= Description of the task =
Set down the data again word for word. Skip any pictures.

= Provided material =
----
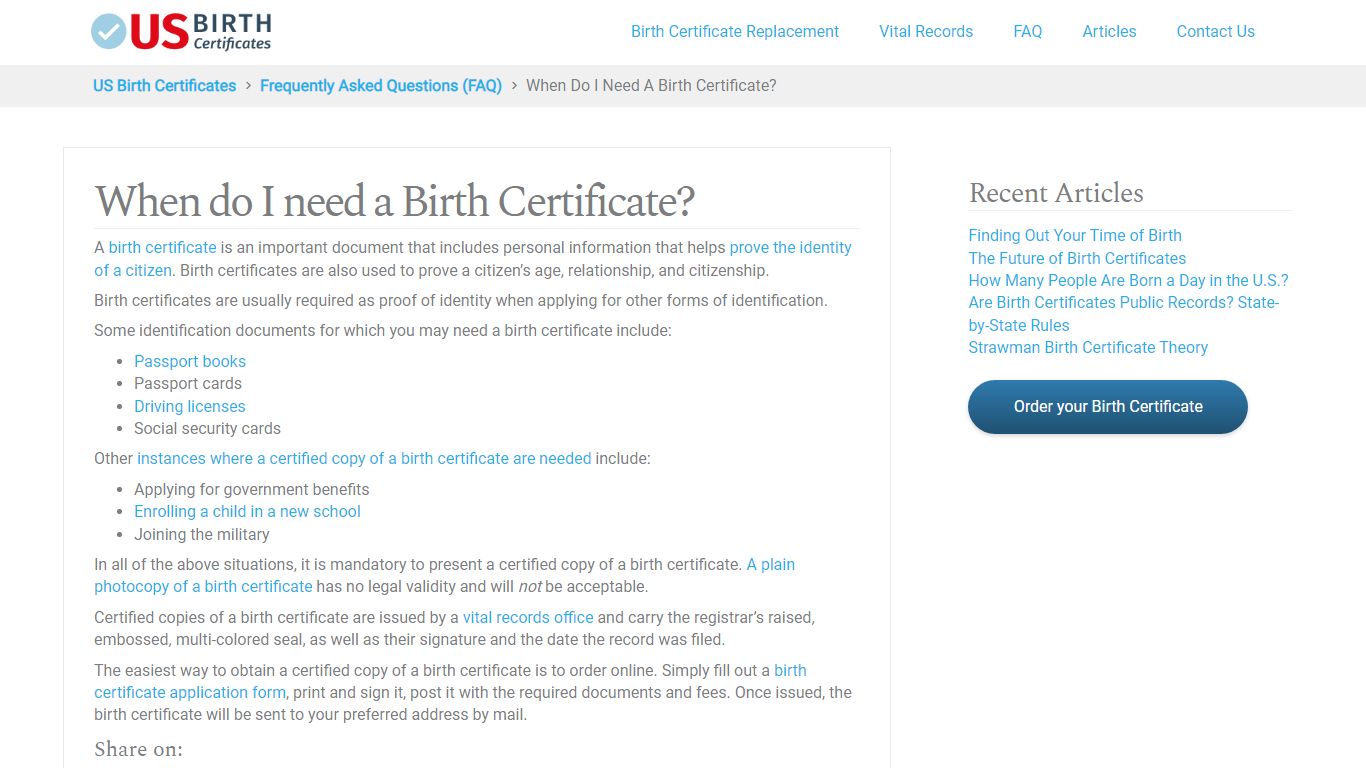 When Do I Need a Birth Certificate? - US Birth Certificates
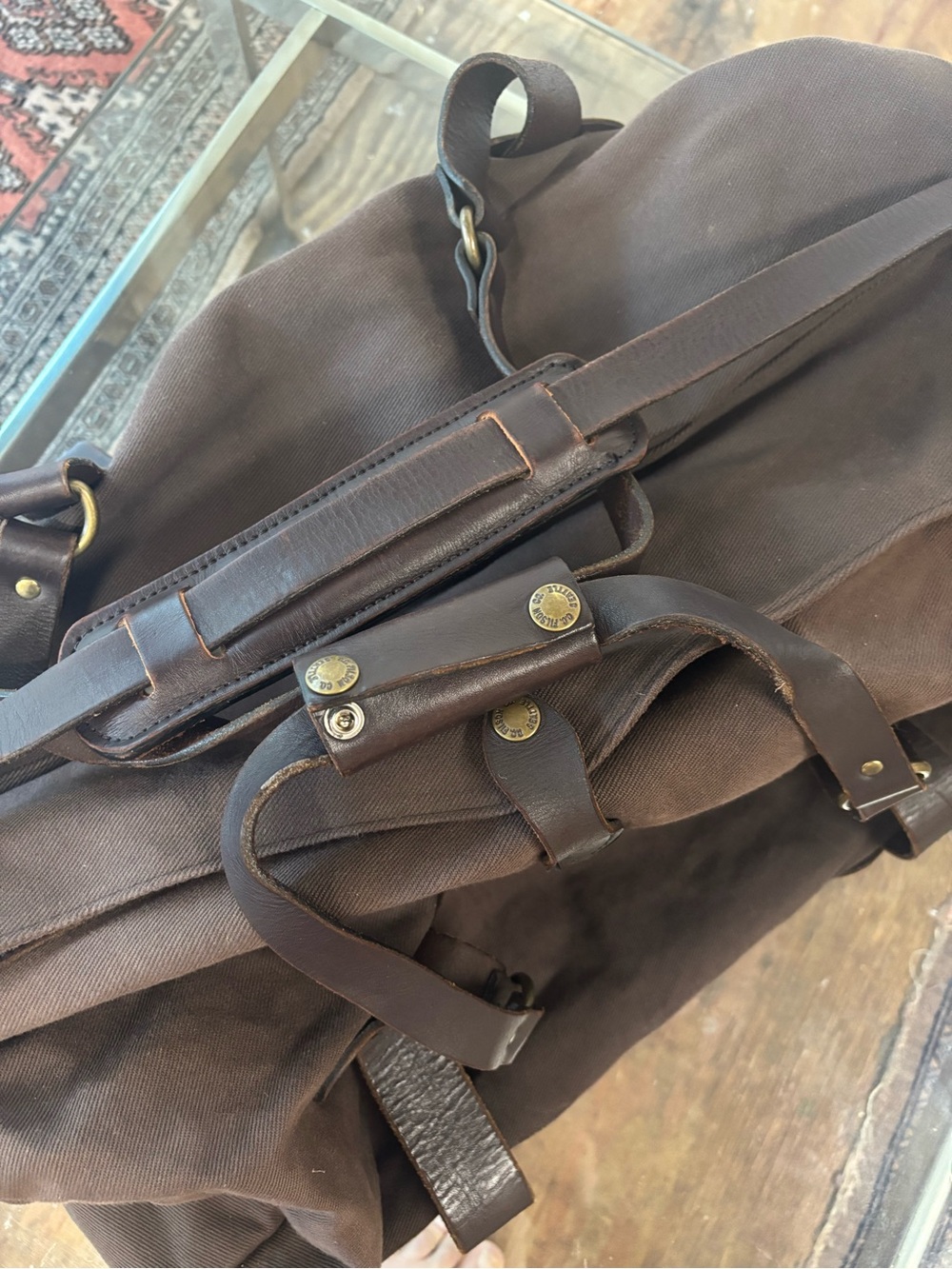 Filson Small Rugged Twill Duffle Bag, Brown - Picture 6 of 7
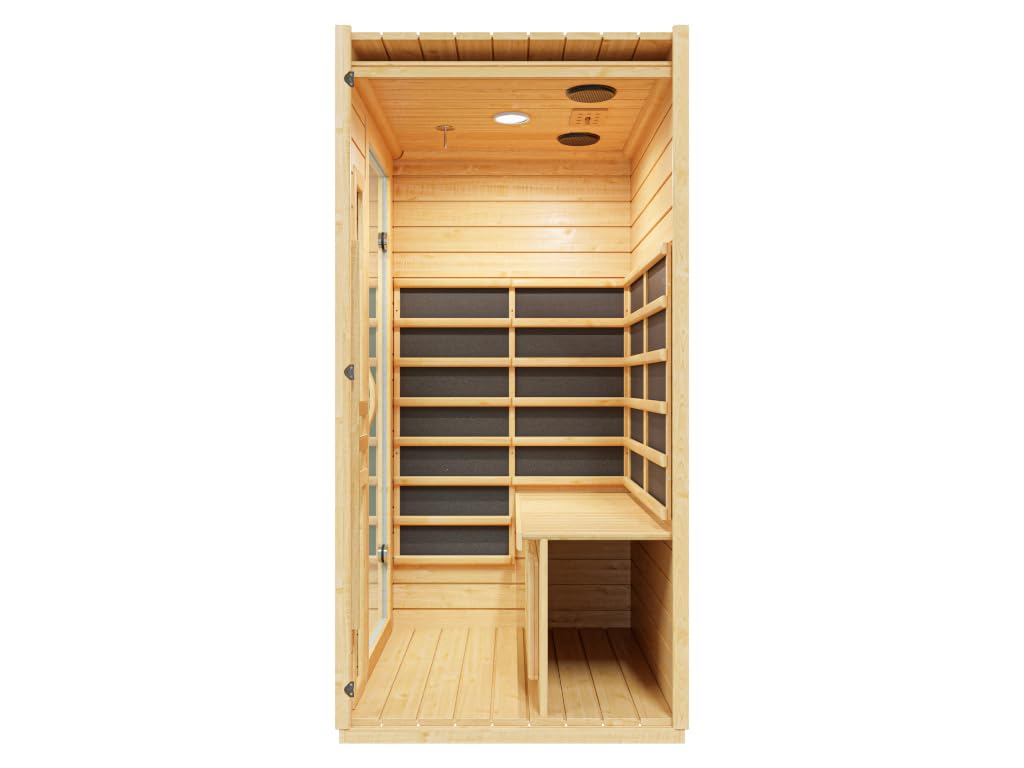 Infrarotkabine 1 Person | Hemlockholz natur | 99x91x184cm | Ganzglastür Klarglas | Mica-Heizung 1,33kW | Fronteinstieg | Wärmekabine für Zuhause | MP3-Halter, Becherhalter & Rückenlehne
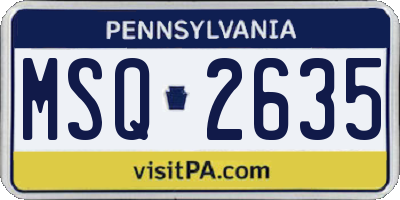 PA license plate MSQ2635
----
= Final answer =
 When Do I Need a Birth Certificate? - US Birth Certificates
 Filson Small Rugged Twill Duffle Bag, Brown - Picture 6 of 7
 Infrarotkabine 1 Person | Hemlockholz natur | 99x91x184cm | Ganzglastür Klarglas | Mica-Heizung 1,33kW | Fronteinstieg | Wärmekabine für Zuhause | MP3-Halter, Becherhalter & Rückenlehne
 PA license plate MSQ2635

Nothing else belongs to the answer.